Let’s Azure: Creating Azure Data Lake Storage Gen2— with Azure Portal

TechFarm by Shahz
Let’s Azure
Published in
5 min readSep 3, 2021

Azure Data Lake Storage Gen2 is quite unlike its predecessor Azure Data Lake Storage Gen2. ADLS Gen2 is build on top of Azure Blob Storage and thus comes with the inherent benefits of a Azure Blob Storage such as cost and reliability. ADLS Gen2 is deigned for enterprise big data analytics and it is equipped with feature of the Gen1 version like data organization, security, semantics and scalability.

ADLS Gen2 is designed to manage massive amounts of data — store and serve multiple exabytes of data while sustaining hundreds of gigabits of throughput.

Creating ADLS Gen2 in Azure Portal

First of all login to you Azure Portal. in the landing page click on the + (plus) sign of the Create a resource link.

This will take you to the Azure marketplace to select the resource type. In the marketplace search for Azure Data Lake Storage Gen2. Interestingly you will notice that the search suggestions and search result show only Data Lake Storage Gen1 and there is no option for Data Lake Storage Gen2.

Search suggestions and search result only show Data Lake Storage Gen1

So, where is Data Lake Storage Gen2 ? This is because the ADSL Gen2 is built on top of Azure Blob Storage, we don’t see it here in marketplace. Actually we need to search for storage account here and select the storage account from search result.

Click on Create button and it will take us to the Storage Account Creation page. Here in basic tab, fill up everything as in Azure Blob Storage. Select a subscription (assuming you already have a subscription).

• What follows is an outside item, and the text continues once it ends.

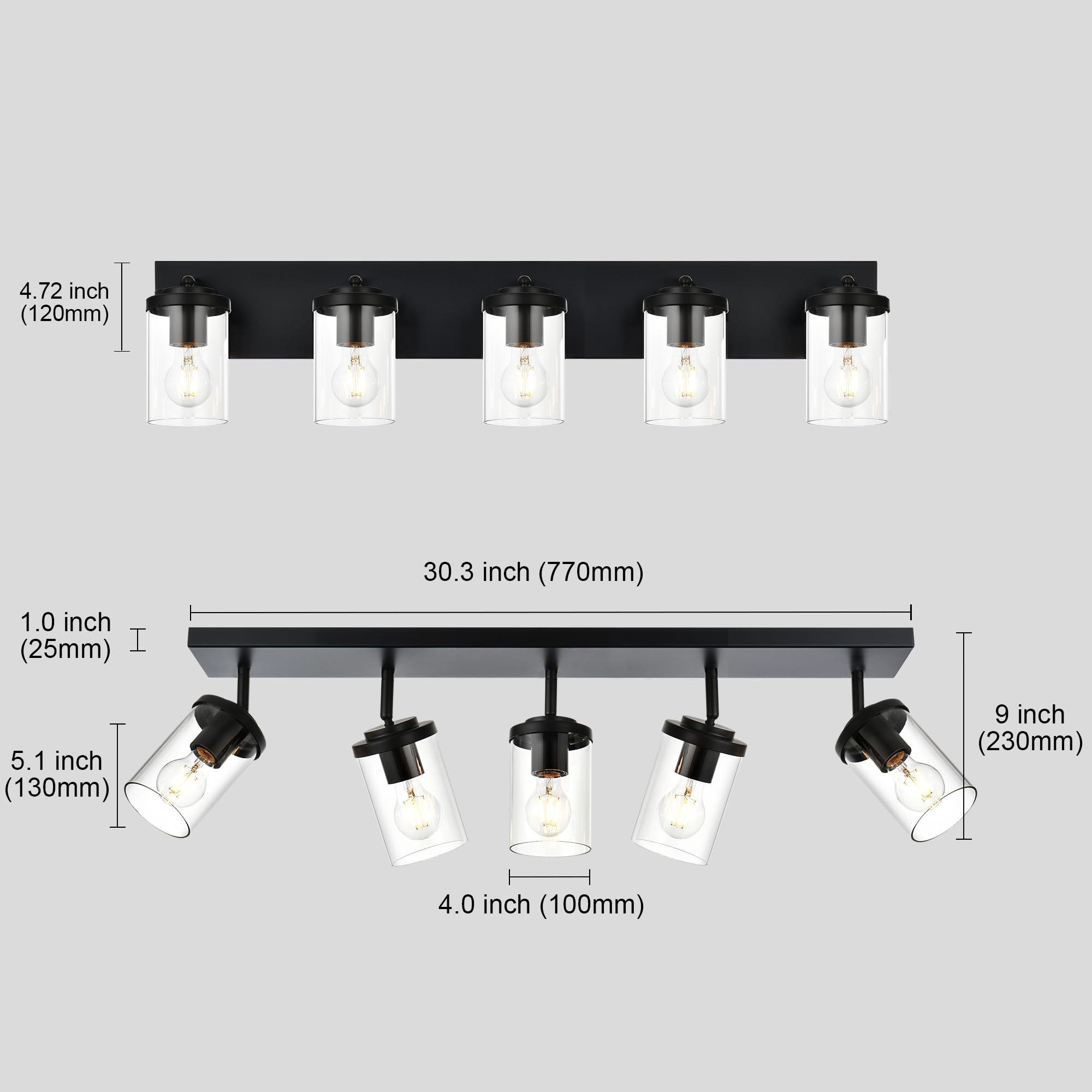 BONLICHT 5-Light Black Track Lighting Kit - Modern Semi Flush Mount Ceiling Spot Lights Fixture with Clear Glass Shade - Industrial Vanity Light for Bathroom, Kitchen, Living Room & Bedroom - Perfect for Home, Office and Commercial Spaces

Select an existing Resource Group or create a new resource group using Create new link.

Give the ADSL account an unique name using your naming convention

Select a geo-region and the required redundancy, and performance aspect.

For non-production systems use Standard and Local options.

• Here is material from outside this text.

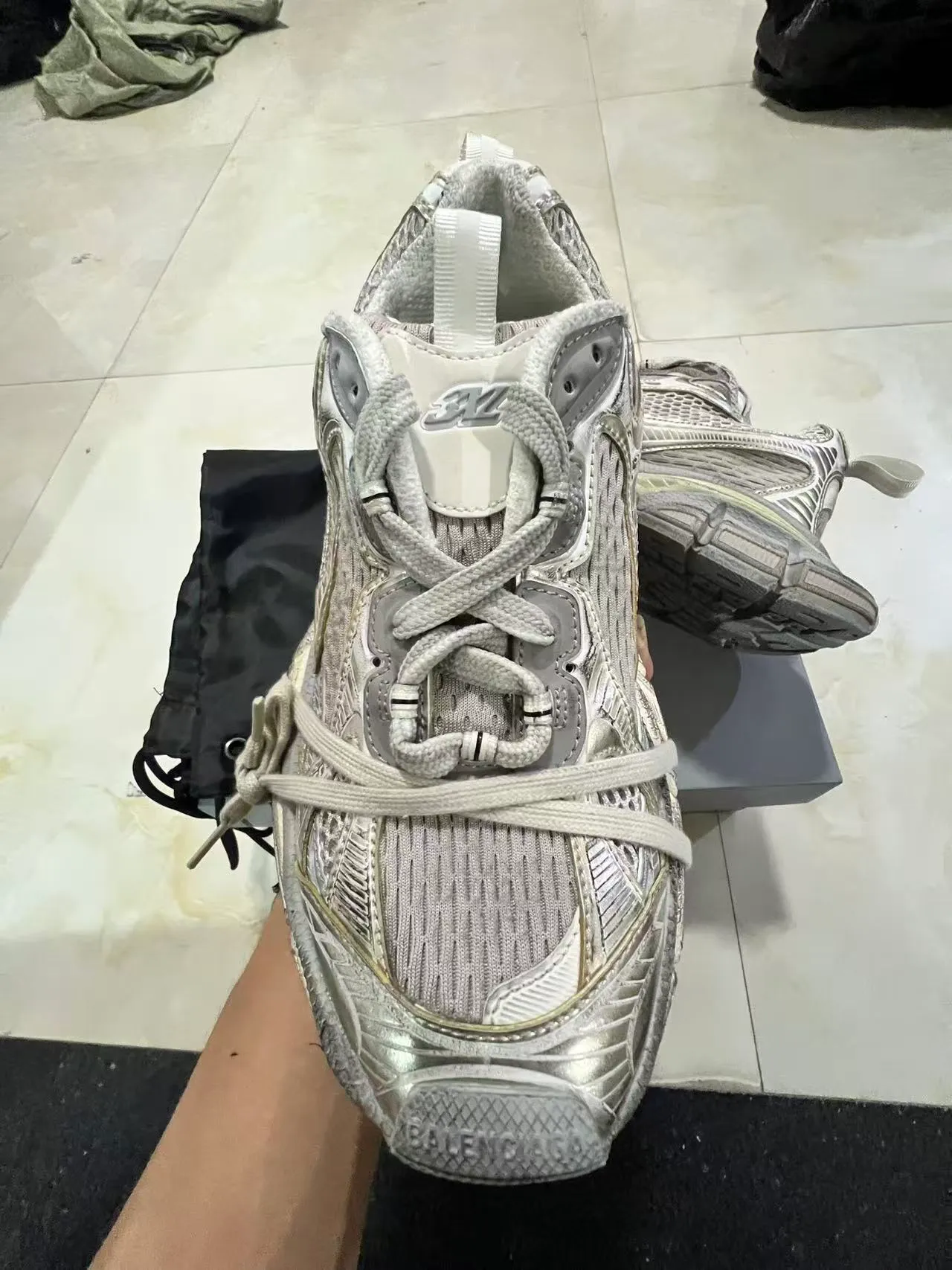 Balenciaga Track Trainer Silver Metallic Chunky Sneakers 3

Now move to the Advanced tab and this is where the ADLS Gen2 differs from regular blob storage.

First part here is related to security and access control. Depending the security requirement select the appropriate boxes.

Next is DLS Gen2. Select Enable Hierarchical Namespace here. This will the turn on the ADLSGen2. This option differs the ADLSGen2 from regulars blob storage.

Next Select Hot or Cool option depending on the frequency of usage of this data.

Click on Next and Configure Networking Tab. Then configure the Data Protection tab.

Once all the configurations are done, Review the configurations in Review + Create tab. Click on the Create button. It will start the deployment which may take few minutes to complete.

Click on Go to resource and here we are !!! Our ADLSGen2 storage is created and deployed !

But we aren’t done yet. We need to setup access grants as well as directory structure for data organization. But before we go into details of those, let’s quickly understand how this Hierarchical Namespace makes so much of difference.

Hierarchical Namespace

Hierarchical Namespace is the key differentiator between data storage and blob storage. Enabling the Hierarchical Namespace converts blob storage into data storage.

hierarchical tree structure of folders, subfolders and files

Hierarchical Namespace essentially means the collection of files (or objects) are organized in a hierarchical tree structure of folders, subfolders and files — much like how we organize them in our computer.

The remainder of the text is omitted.